Today, when on a yacht charter, the village of Polace is one of the most popular harbors to visit located on the northeastern end of the island and on the largest and safest bay, as protected by 4 small islands. Surrounding Polace is the Mljet National Park with many hiking and biking trails. Polace is also the location of many Roman ruins, including a large structure from the 5th century, the remains of a Roman Palace, the walls of which run right through the village, hence the village name of Polace, or Palace. Located within Mljet National Park are two lakes, Veliko and Malo Jezero (Large and Small Lake) with buildings from the old Benedictine Monastery on Islet Melita in the middle. Bicycles are available for rent in Polace to ride on the many cycling and hiking trails or cycle up over the hill to the National Park boat for a ride to Islet Melita. Hike through the beautiful surrounding woods, where in the springtime wild asparagus can be found. There is a small National Park fee for accessing the National Park trails and boat to cross to Islet Melita.

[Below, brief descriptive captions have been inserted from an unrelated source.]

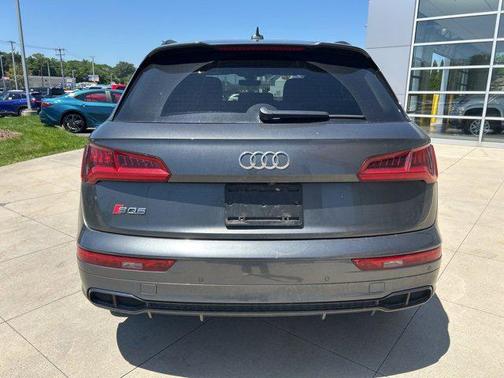 2020 Audi SQ5 3.0T Premium Plus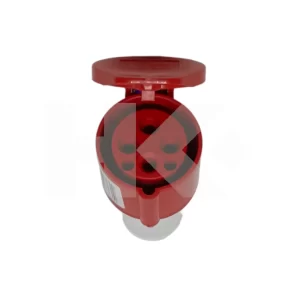 ENCHUFE INDUST. HEMBRA VOLANTE 4X16A 3P+T 380V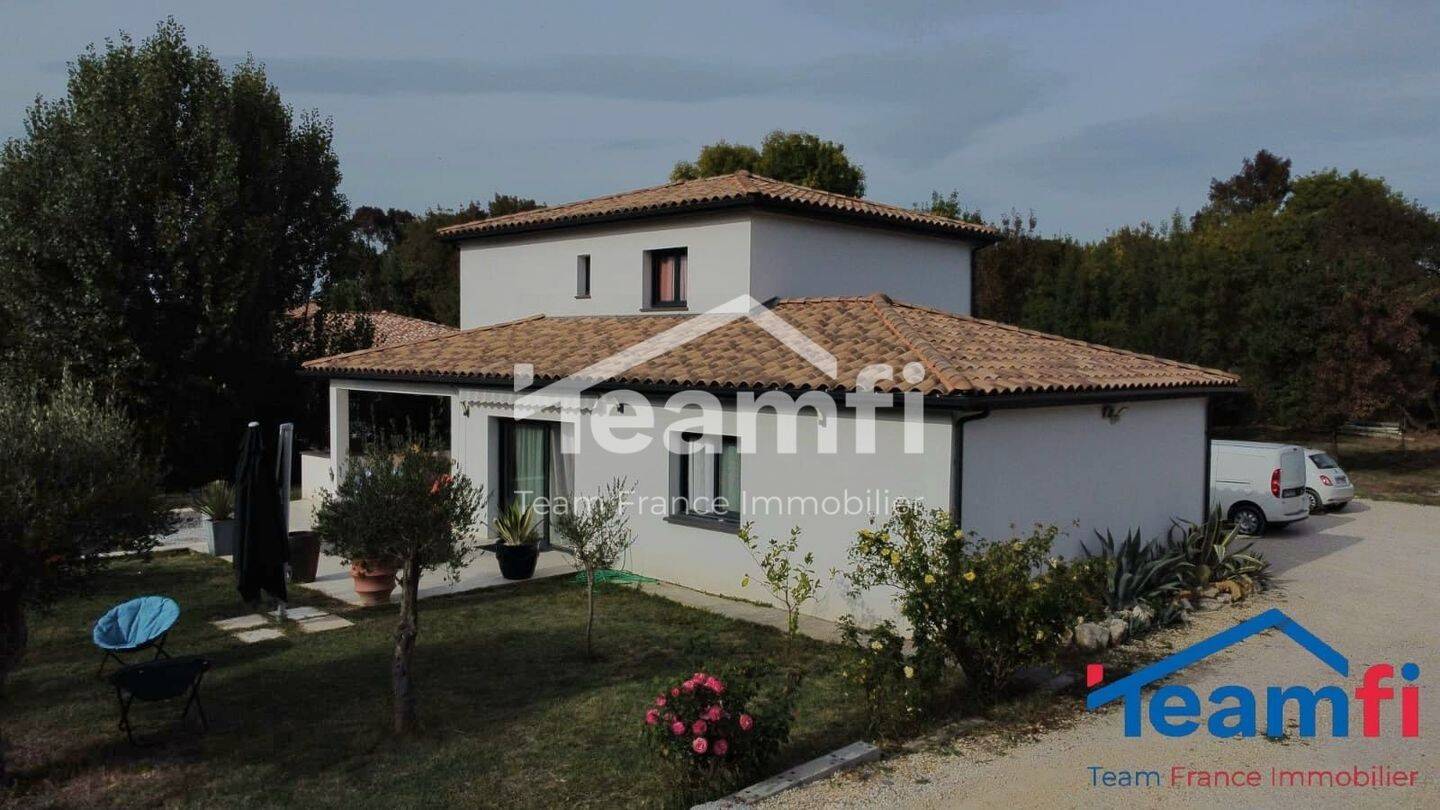 Maison à vendre, 176m², SAINT HILAIRE DE BRETHMAS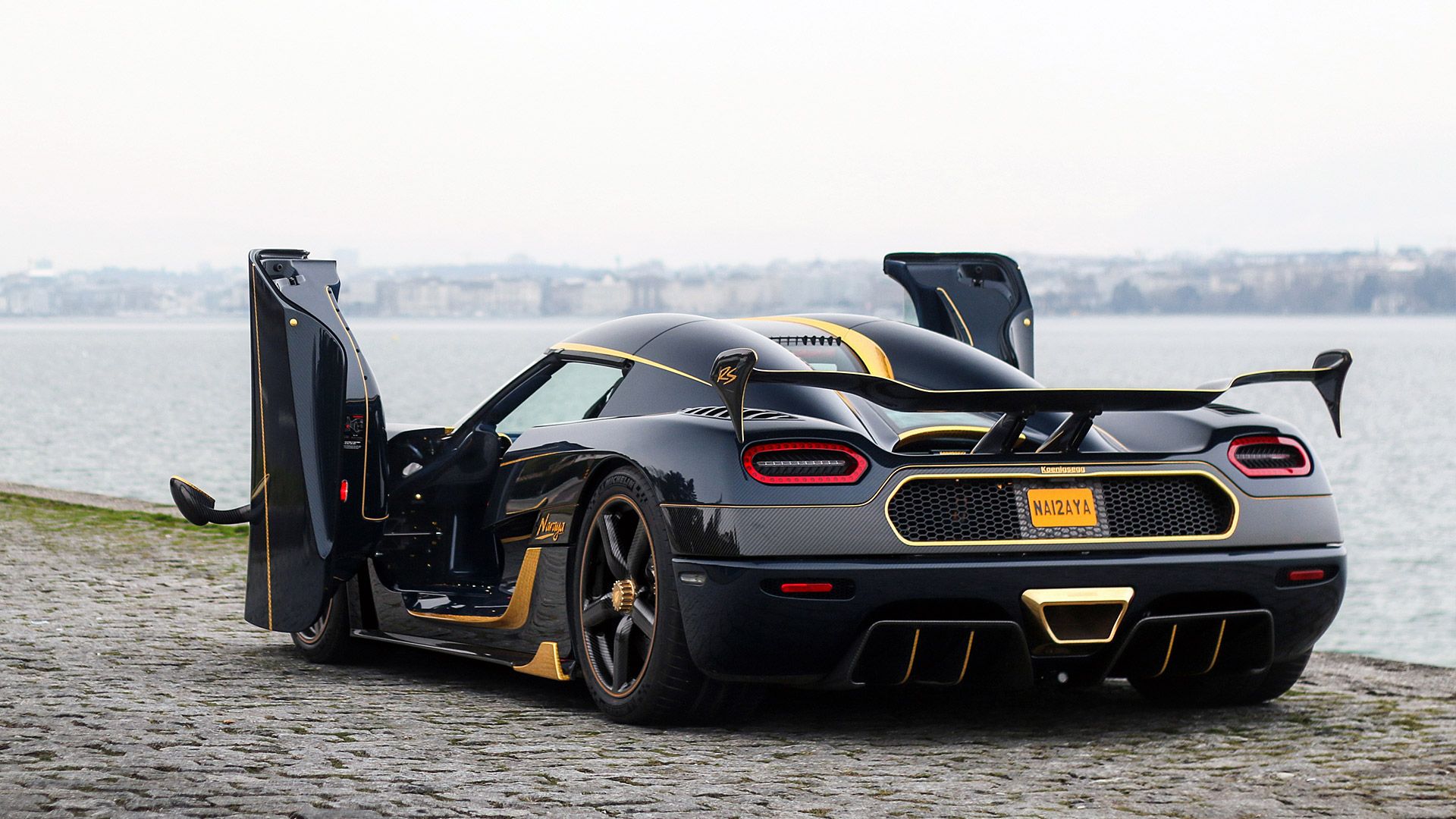 Hd Wallpaper Koenigsegg Agera Hd - HD Wallpaper 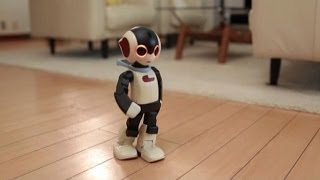 Robi, il robot che parla e si emoziona da costruire a casa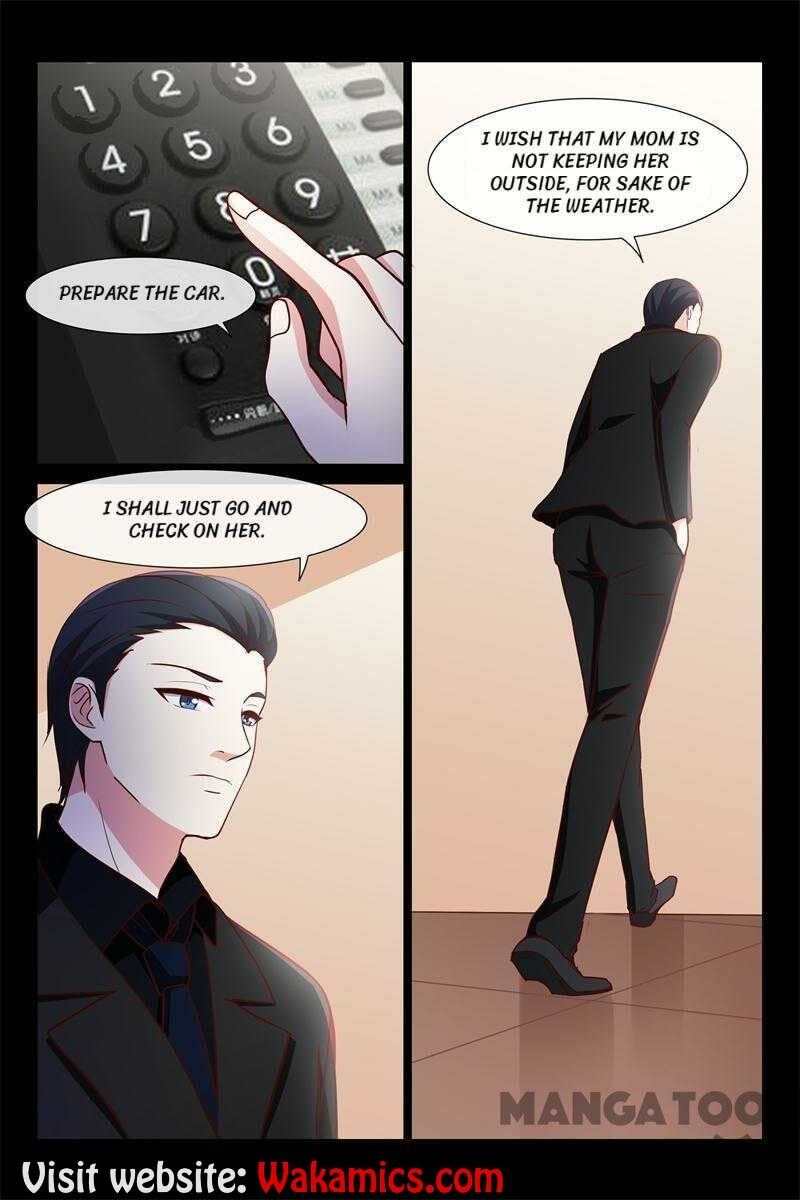 Contracted Lover Chapter 80 - page 9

Because the surrounding waters are also a National Park, which only Mljet locals can fish, the local waters are filled with fish and shellfish. Tavernas along the water’s edge in Polace have cages underneath their docks, where fresh fish and shellfish are kept alive until time to be served hot for dinner. This is fish and shellfish at their very freshest. For a divinely green island experience with beautiful clear water, and fresh breezes, be sure to spend a night anchored in the bay in front of Polace on Mljet Island.

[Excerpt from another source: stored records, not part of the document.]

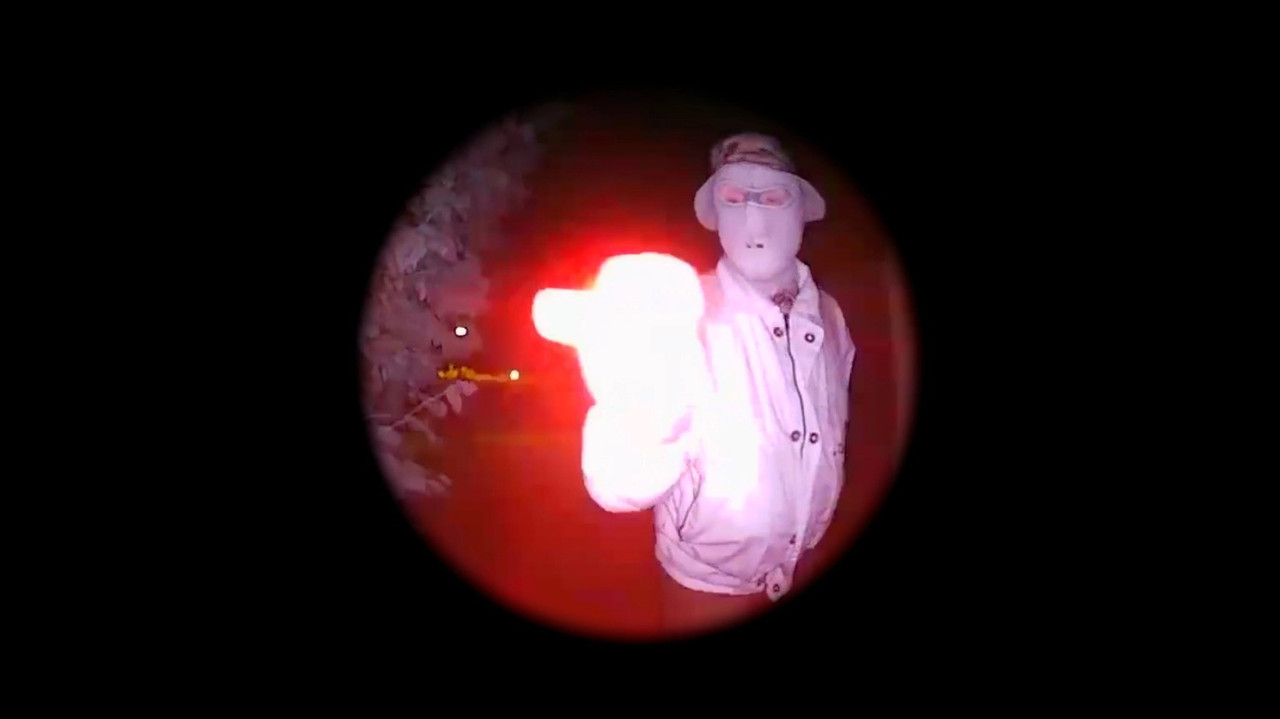 Home Invasion - 剧照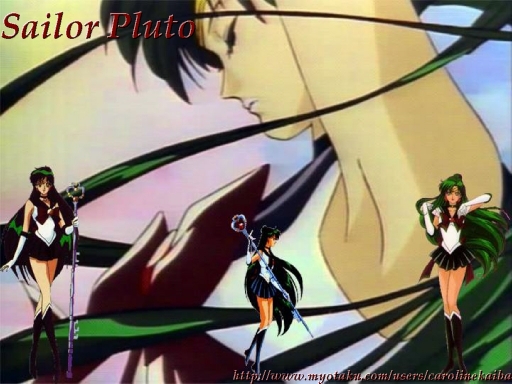 Sailor Pluto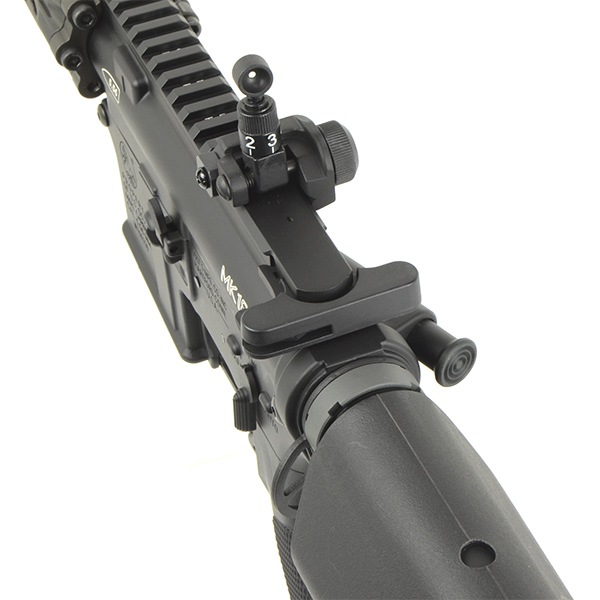 E&C 644E MK18RIII 電子トリガー搭載 電動ガン グレー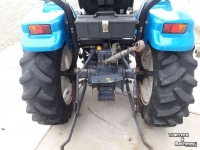 Horticultural Tractors New Holland TC 27D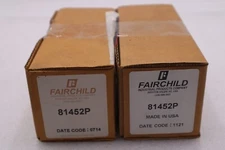FAIRCHILD INDUSTRIAL PROD 81452P / 81452P (BRAND NEW) Stock K-1901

Believed by many to be the birthplace of Marco Polo in 1254, the island of Korcula is a must visit island on a crewed yacht charter along the coast of Croatia. Whether Marco Polo was or was not born on the island of Korcula is in debate still today, although both Marco and Polo are common names in the area. The island of Korcula passed through many hands over many centuries. There is prehistoric archeological evidence of settlement on the island. After which, in historic times, there is archeological evidence of settlement of various civilizations including the Greeks, and Romans on the island. The island continuously changed hands through Byzantine, Slavic and Venetian rule, and in those periods of time in between various rulers the island was a Mecca for pirates. Today, there are eight main villages on the island of Korcula, including Korcula Town, which is the main town on the island with a population of around 3000 people.
The island of Korcula is known for vineyards and wine production, olive trees and olive oil production, and large fruit tree orchards, surrounded by bee hives filled with bees producing honey. Of course, fishing is also an important industry for the year around locals on the island.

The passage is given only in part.